What other wrestlers learn visually, Seif has to learn through feel. He will grab teammates and assistant coaches to have them walk him through the moves, showing him how to do them properly.
“He’ll grab kids and say, 'Show me what coach is showing you right now,'” Alessi said.
Learning on the mat
With Seif’s visual impairment, the way he wrestles is by keeping in constant contact with his opponent.
“One finger is all it takes,” he said.
Since all matches start at the same point, the beginning of a match, or round, is easy for him.
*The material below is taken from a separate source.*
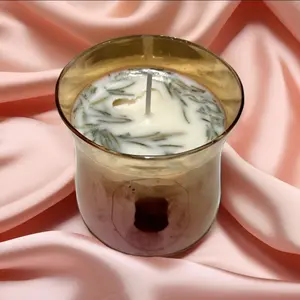 Rosemary Soy Wax Candle Rosemary Soy Wax Candle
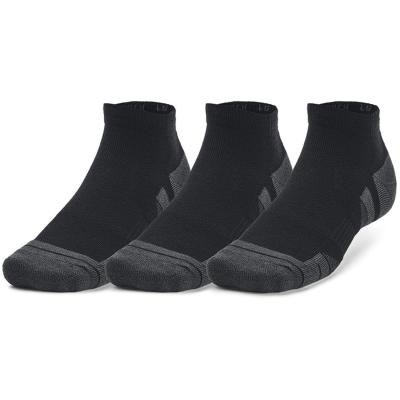 Under Armour Performance Tech 3 Pack Low Socks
It’s when his opponent starts to move that he needs to rely on touch to get him through the match.
“With him being totally blind, he has to rely on his senses,” Velez said. “(Seif) is dependent on touch and he has to anticipate where his opponent is going to go. He’s remarkable at that.”
Hearing Seif and his coach talk about it, the only thing holding back the 112-pounder is his lack of experience.
“If Seif had been doing this the last five or six years, he would be so accustomed to it,” Alessi said. “Lets face it, people don’t need eyes to wrestle. A lot of it is feel. There have been some very successful national and international wrestlers that are visually impaired.”
Alessi describes Seif as strong for his size, coachable and someone who moves well on the mat. With those natural abilities, Alessi believes Seif will be very successful once he learns how to be a control wrestler.
When Seif allows an opponent to float around the mat, it can be difficult for him to execute his offense.
“Sometimes you know where they are, but you don’t the angle they are coming at you so you don’t know exactly what they are going to do,” Seif said.
Right now, he’s learning to do that as he goes. Alessi put him on the varsity team and at this point in the season, Seif is West Bloomfield’s starter in the 112-pound weight class.
“I love it,” Seif said, smiling. “I’m not winning as much as I want, but you learn through the losses.”
He’s already wrestled in the 16-team West Bloomfield Invitational, the Oakland County Championship and a variety of other dual meets. Seif has picked up three of four pins this season and continues to improve.
Seif and the Lakers will hit the mat next Wednesday night at WBHS. The quad meet against Andover, Troy, and Royal Oak starts at 5:30 p.m.